Session Type: ACR Poster Session A
Session Time: 9:00AM-11:00AM
Background/Purpose: Novel composite responder definitions for fibromyalgia (FM) clinical trials have been proposed by the Outcome Measures in Rheumatology (OMERACT) FM subcommittee. These definitions which include key symptom and functional domains relevant to FM patients, were validated using outcome data from 12 previous registration trials of 4 other medications (Arnold L et al, Arth Rheum 64:885, 2012.) TNX-102 SL* is a proprietary sublingual formulation of cyclobenzaprine hydrochloride (2.8 mg) being studied for conditions with sleep disruption, including fibromyalgia and post-traumatic stress disorder (PTSD). “BESTFIT” was a 12-week Phase 2, randomized, double-blind, placebo-controlled trial conducted at 17 US sites, designed to evaluate this medication as a potential treatment for FM. A total of 205 participants were randomized (TNX=103; placebo=102).

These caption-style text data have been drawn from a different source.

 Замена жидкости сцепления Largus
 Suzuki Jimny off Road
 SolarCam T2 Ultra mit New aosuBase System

Methods: The two recommended OMERACT responder definitions were evaluated: the FM30 Short, which defines a responder as ≥30% reduction in pain, ≥10% improvement in physical function plus a ≥30% improvement in either sleep or fatigue, and the FM30 Long, which defines a responder as ≥30% reduction in pain, ≥10% improvement in physical function plus ≥30% improvement in any two of the following measures: sleep, fatigue, depression, anxiety or cognition. Individual patient level analyses determine if each participant in the study met the response criteria.

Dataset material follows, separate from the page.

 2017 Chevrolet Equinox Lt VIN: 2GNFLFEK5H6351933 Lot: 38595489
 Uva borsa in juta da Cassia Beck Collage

Results: The table below compares a standard pain responder analysis (≥30% improvement in pain based on daily diary data), which was the secondary efficacy endpoint in the “BESTFIT” study, to the alternative composite responder definitions proposed by OMERACT.
Additional improvements in other domains were noted as well. Systemic adverse events reported were similar to placebo. The most common local adverse event was transient tongue or mouth numbness occurring in 44% of the TNX-102 SL patients and in 2% of placebo patients.

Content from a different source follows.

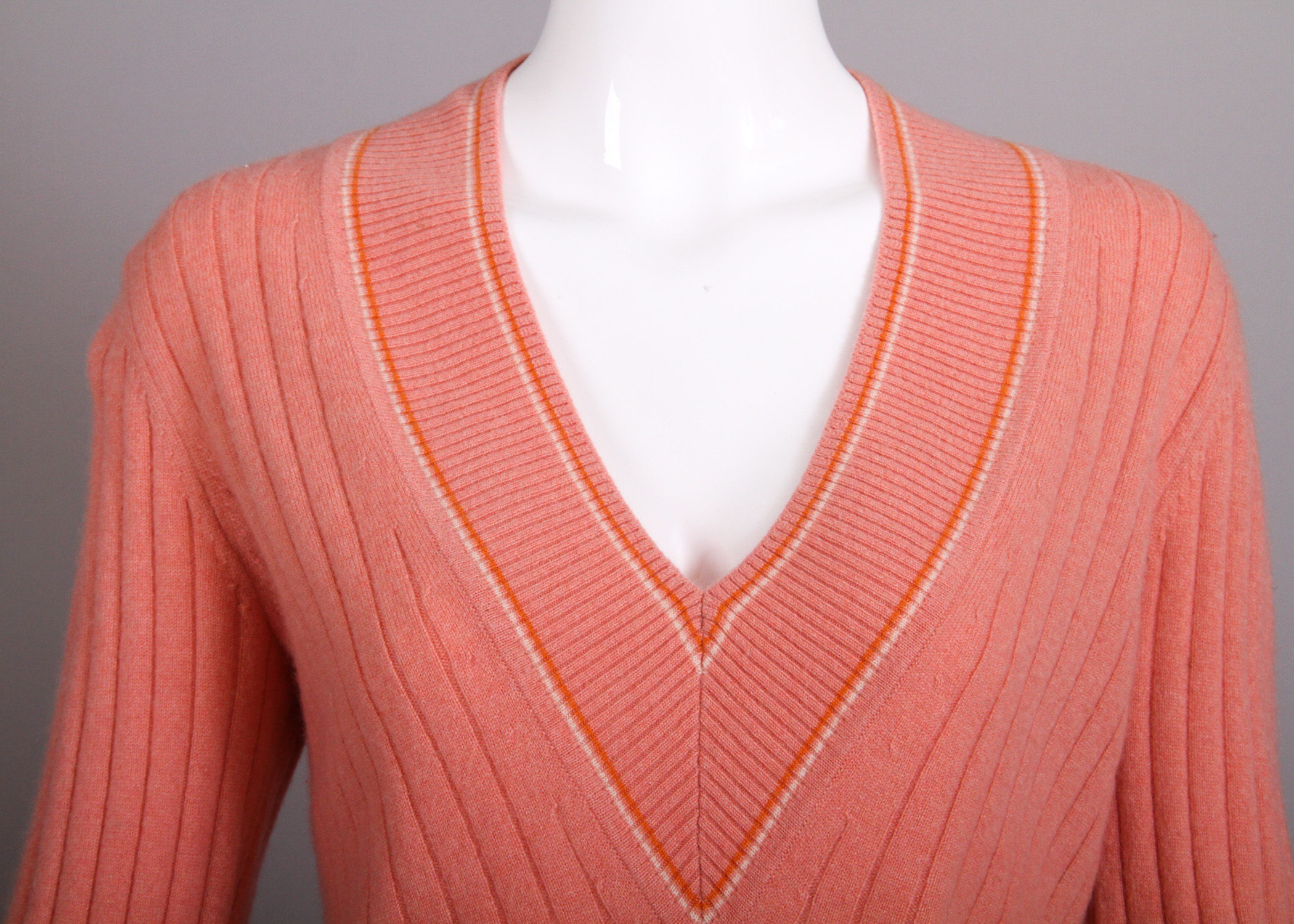 Chanel Cashmere Tennis Sweater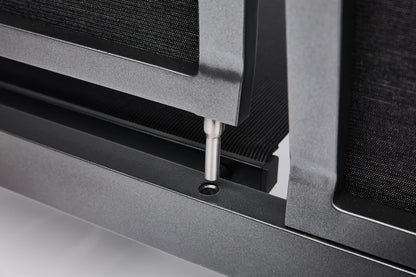 KETTLER RASMUS MODULAR 3-Sitzer/ Liege – anthrazit/ charcoal Ansicht 2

Conclusion: Routine bedtime usage of TNX-102 SL improved multiple symptoms of FM. Comparison of response rates determined by either 30% reductions in pain alone, or by the proposed composite definitions, were all statistically significant. Although the apparent response rate for the composite definitions is necessarily less than that seen with the pain response only analysis, the actual statistical separation between treatment groups is enhanced. This analysis using the composite responder criteria developed by OMERACT suggests that the improvements in FM symptoms in this study of TNX-102 SL may not be limited to an analgesic response, since these composite criteria also require improvements in other somatic and functional symptoms.
* TNX-102 SL is an Investigational New Drug and has not been approved for any indication.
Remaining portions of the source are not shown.